**Information supplied**
■ ■ ■ ■ ■
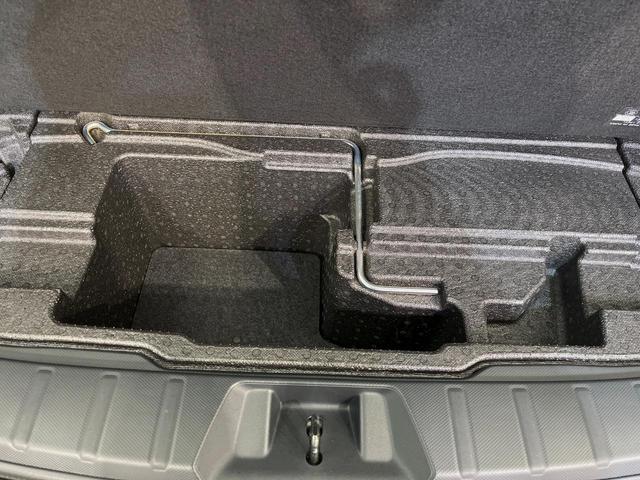フォレスター アドバンス　４ＷＤ　ルーフレール　ＳＤナビ　ブラインドスポットモニター　アイサイトセイフティプラス　バックカメラ　レーダークルーズ　電動リアゲート　シートヒーター　ＬＥＤヘッドライト　純正１８インチアルミ（38枚目）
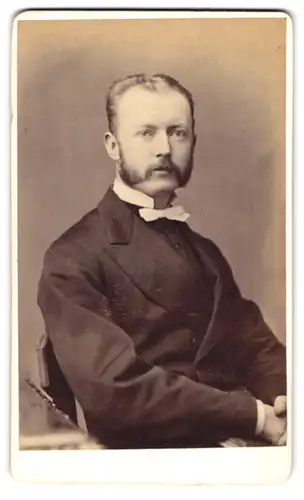 Fotografie C. W. Wilson & Co., Aberdeen, 25. Crown Street, Junger Mann mit Backenbart im zweifarbigen Anzug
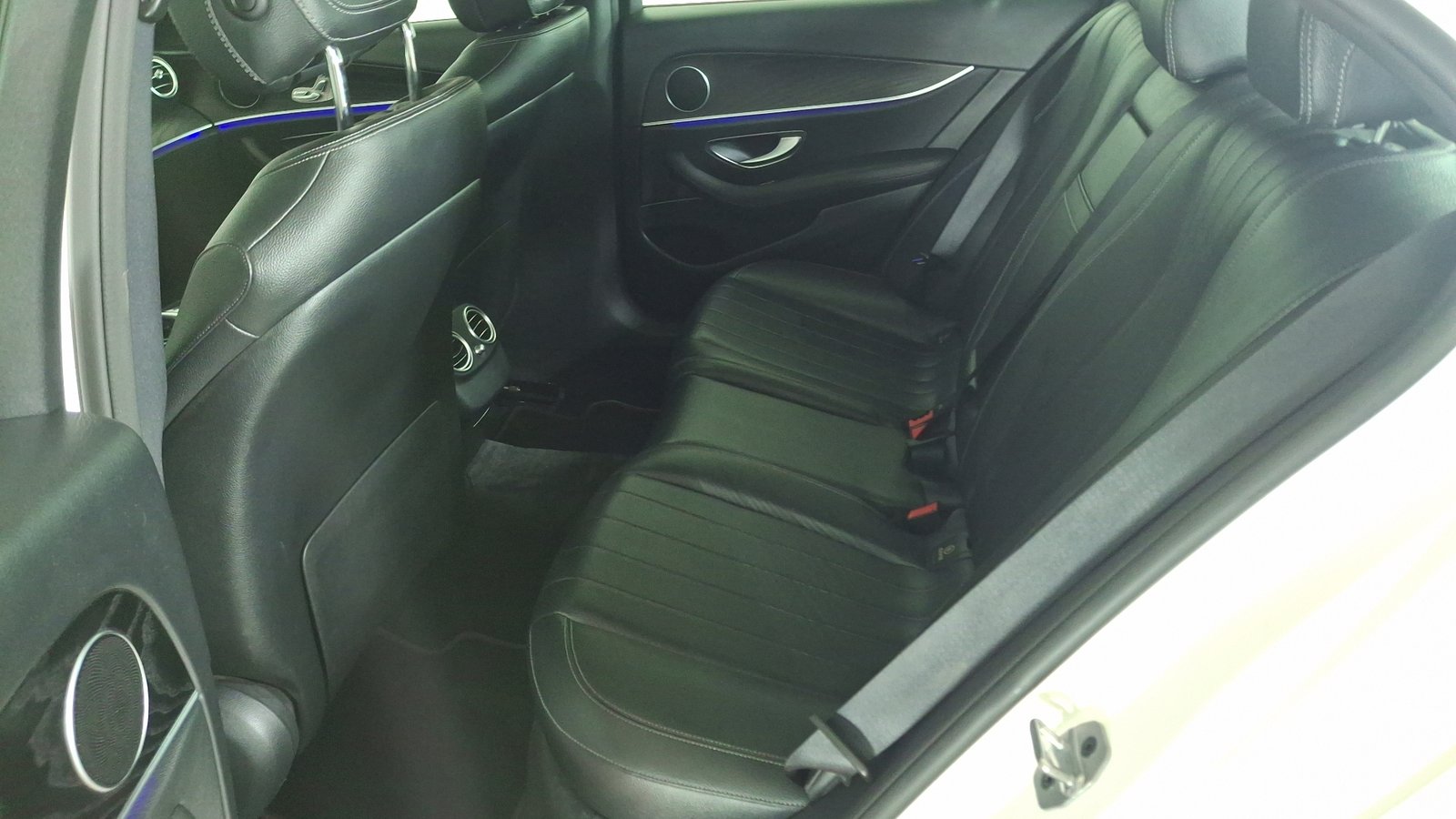 Mercedes Benz Clase E 2019 - Imagen 14 de 16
■ ■ ■ ■ ■
Word for word, reproduce the listing above; no image should be carried over.

フォレスター アドバンス　４ＷＤ　ルーフレール　ＳＤナビ　ブラインドスポットモニター　アイサイトセイフティプラス　バックカメラ　レーダークルーズ　電動リアゲート　シートヒーター　ＬＥＤヘッドライト　純正１８インチアルミ（38枚目）
 Fotografie C. W. Wilson & Co., Aberdeen, 25. Crown Street, Junger Mann mit Backenbart im zweifarbigen Anzug
 Mercedes Benz Clase E 2019 - Imagen 14 de 16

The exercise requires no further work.